При этом способ получения биомассы энтеробактерий может быть реализован в биореакторе с общим объём 1000 л и максимальный рабочим объёмом в конце культивирования от 140 до 450 л.
При этом способ получения биомассы энтеробактерий может быть реализован при условии, что процесс культивирования проводят при отсутствии пептона в исходной питательной среде и подпитке.
При этом способ получения биомассы энтеробактерий может быть реализован при предварительной стерилизации раствора хлорида натрия в реакторе при 120 градусах Цельсия в течение 60 мин, в количестве 90-300 л.
В связи с тем, что в предлагаемом способе конечный объём ферментационной жидкости увеличивается по ходу процесса культивирования до 1,5 раз по сравнению с исходным объёмом культивирования, для оценки урожая биомассы используется показатель общего съёма урожая, равный произведению действующей концентрации микроорганизмов на рабочий объём в реакторе в данный момент времени, триллионы клеток/биореактор. Примеры реализации приведены ниже.
Влияние пропорции добавленной первоначально концентрированной подпитки при последующей подпитке растущих культур микроорганизмов с разными скоростями подпитки для разных исходных объёмов согласно предлагаемому способу позволило получить кривые с оптимумами накопления биомассы, в триллионах клеток на биореактор в зависимости от процентного содержания подпитки, добавленной в реактор перед посевом, Фиг. 1 и 2. Оптимальные пропорции добавленной подпитки находятся в пределах 33,3%-66,7%, что по предлагаемому способу позволяет увеличить в 1,5-2 раза съём урожая биомассы для E.coli и в 1,4-1,65 раза для Salmonella по сравнению с имеющейся технологией.
Сущность изобретения заключается в том, что с целью повышения урожая при ферментациях.
Процесс культивирования проводят при отсутствии дорогостоящего пептона в исходной питательной среде и подпитке.
Процесс культивирования проводят в диапазоне pH 6,5-7,0 при добавлении 10% раствора NaOH по показаниям датчика pH - с преимуществом для низких значений.
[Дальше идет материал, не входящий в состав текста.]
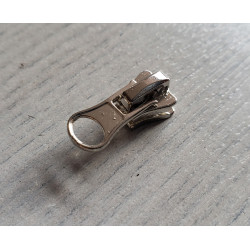 zip slider- chunky- size 3 - silver - short puller, plac3ed on a wooden table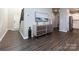 Entryway with dark hardwood floors, and a modern console table at 15533 Capps Rd, Charlotte, NC 28278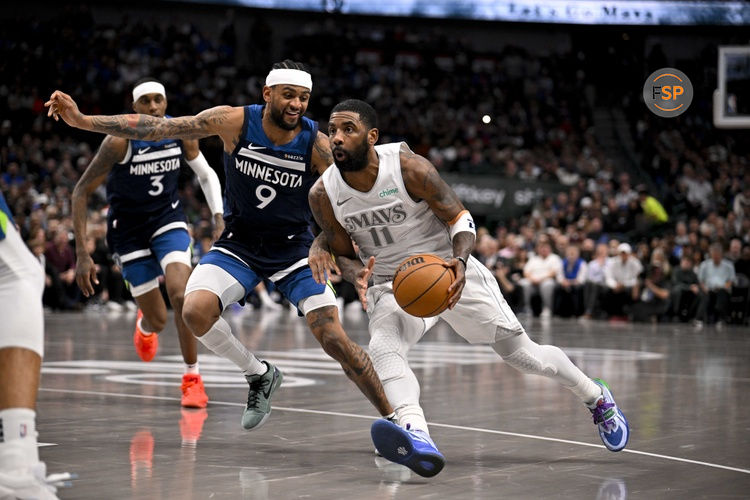 Jan 22, 2025; Dallas, Texas, USA; Dallas Mavericks guard Kyrie Irving (11) drives to the basket past Minnesota Timberwolves guard Nickeil Alexander-Walker (9) during the second half at the American Airlines Center. Credit: Jerome Miron-Imagn Images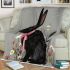 Cute black rabbit with pink collar blanket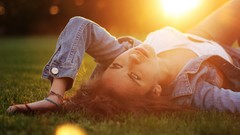 Grass woman outdoors sunlight brunettes lying down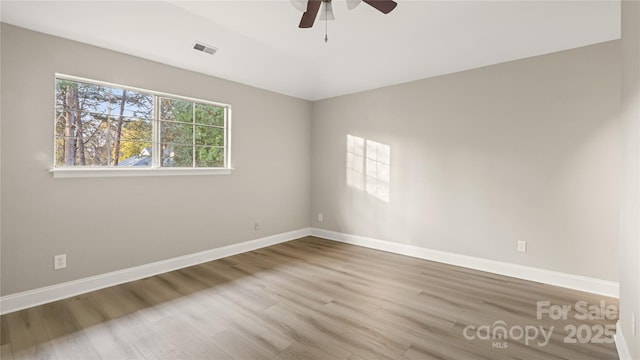 spare room featuring hardwood / wood-style flooring and ceiling fan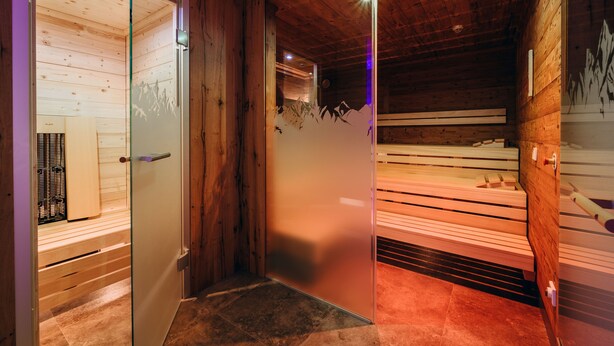 Un interior de madera con un ventanal que da a una zona de sauna.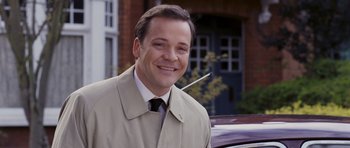 Movie still from “An Education” (2009), directed by Lone Scherfig – A man in a trench coat standing in front of a car; Close Up shot, Over the shoulder angle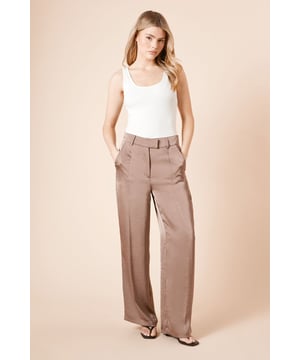 Luxurious satin finish that catches the light beautifully
        Straight leg silhouette for a timeless, flattering fit
        High-rise waistband with belt loops for versatile styling
        Practical side pockets for convenience
        Tailored design offering a sophisticated drape
    
    These Dorothy Perkins tailored trousers combine elegance with everyday wearability. The lustrous satin fabric creates a refined appearance whilst the straight leg cut ensures all-day comfort and a flattering silhouette. Perfect for special occasions, pair with a fitted blouse and strappy heels as shown for a sophisticated ensemble at weddings or formal gatherings. For daytime events such as baby showers or brunch with friends, style with a simple camisole and flat sandals for an effortlessly chic look. The versatile design transitions seamlessly from day to evening, making these trousers a wardrobe essential for the woman who appreciates timeless style with a contemporary twist. The high-rise waist creates a sleek profile that works beautifully with both tucked-in tops and cropped styles.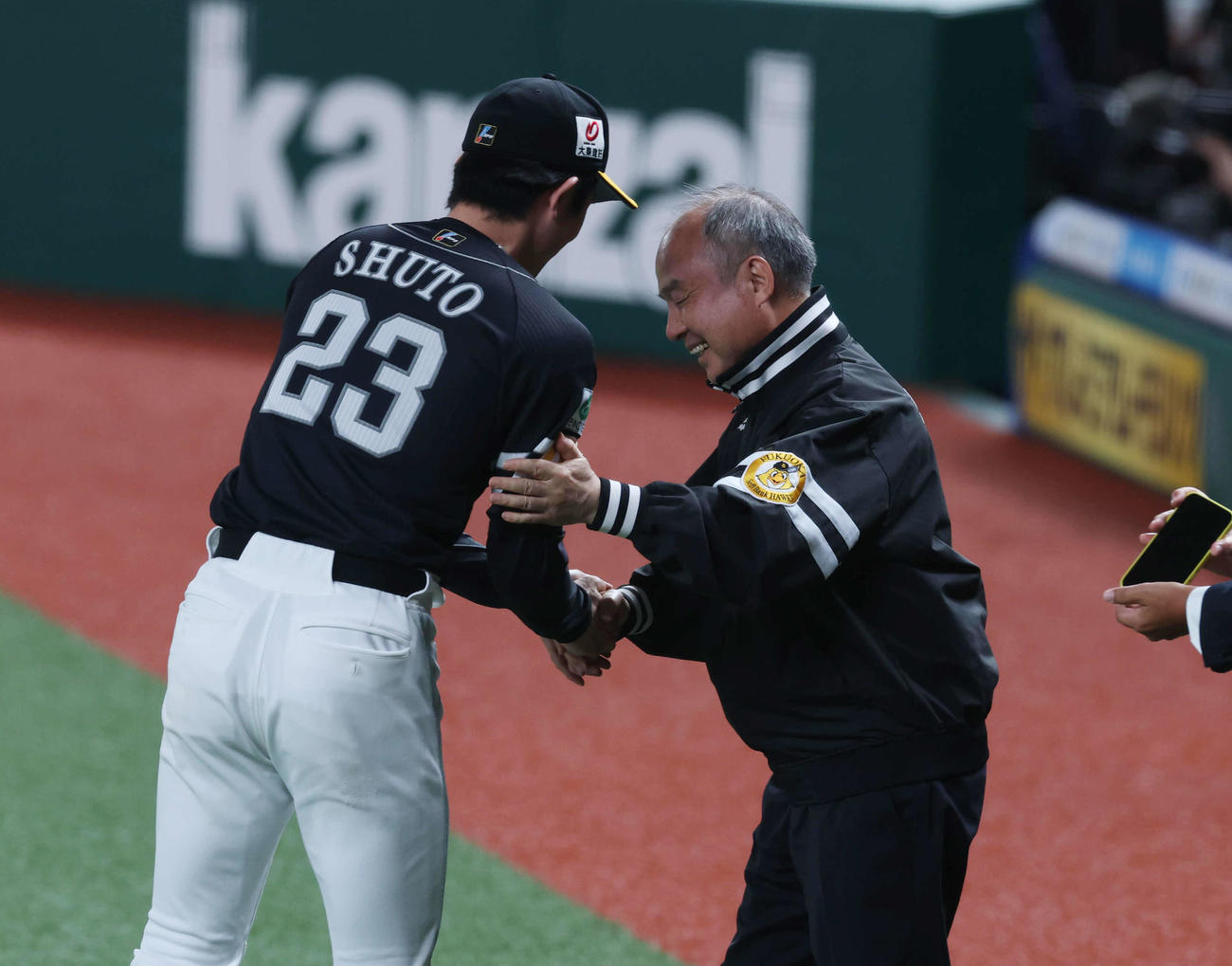 西武対ソフトバンク　優勝が決まり、握手を交わすソフトバンク孫オーナー（右）と周東（撮影・増田悦実）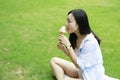 Chinese Portrait of young happy woman eating ice-cream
В начале процесса культивирования используется следующая схема приготовления питательной среды перед засевом биореактора: раствор хлорида натрия (0,9% раствор хлористого натрия), предварительно простерилизованный при 120 градусах Цельсия в реакторе, в количестве 90-300 л смешивается с концентратом питательной среды (Подпиткой), в диапазоне соотношений от 5:1 до 2,5:1, где 5 и 2,5, соответственно, доли раствора хлористого натрия для нижнего и верхнего значения исходного объёма раствора хлористого натрия в реакторе, с последующим посевом микроорганизмами.
Подпитка имеет следующий состав на 1 л: 0,1 кг сухой глюкозы, до 1 л основного перевара Хоттингера с содержанием аминного азота 1000 мг%, 0,005 кг натрия фосфорнокислого 12-водного, 0,0015 кг магния сернокислого 7-водного.
Подачи концентрированной подпитки осуществляются по следующей схеме: Первая подача подпитки осуществляется через 2 часа после посева в количестве до 2*V0/90 л/биореактор. Через 3 часа после начала роста – вторая подача подпитки в количестве до 4*V0/90 л/биореактор. Далее, начиная с 3,5 часов, включаем предварительно оттарированный по воде насос на скорость подачи подпитки до 1,7*V0/90 мл/сек в постоянном режиме, где V0-исходный объём физиологического раствора в реакторе, который может изменяться в диапазоне 90-300 л.
Окончанием процесса считается накопление не менее 50х109 микробных клеток/мл для Salmonella при конечном рабочем объеме не менее 150 л (урожайность 7500 триллионов клеток - произведение концентрации микроорганизма на конечный объём в реакторе перед сливом урожая) или накопление не менее 65х109 микробных клеток/мл для E.coli при конечном рабочем объеме не менее 130 л (урожайность 8450 триллионов клеток) или до исчерпания подпитки. В результате культивирования обеспечиваются концентрации от 56 до 82 млрд/см3, соответственно, для Salmonella и E.coli.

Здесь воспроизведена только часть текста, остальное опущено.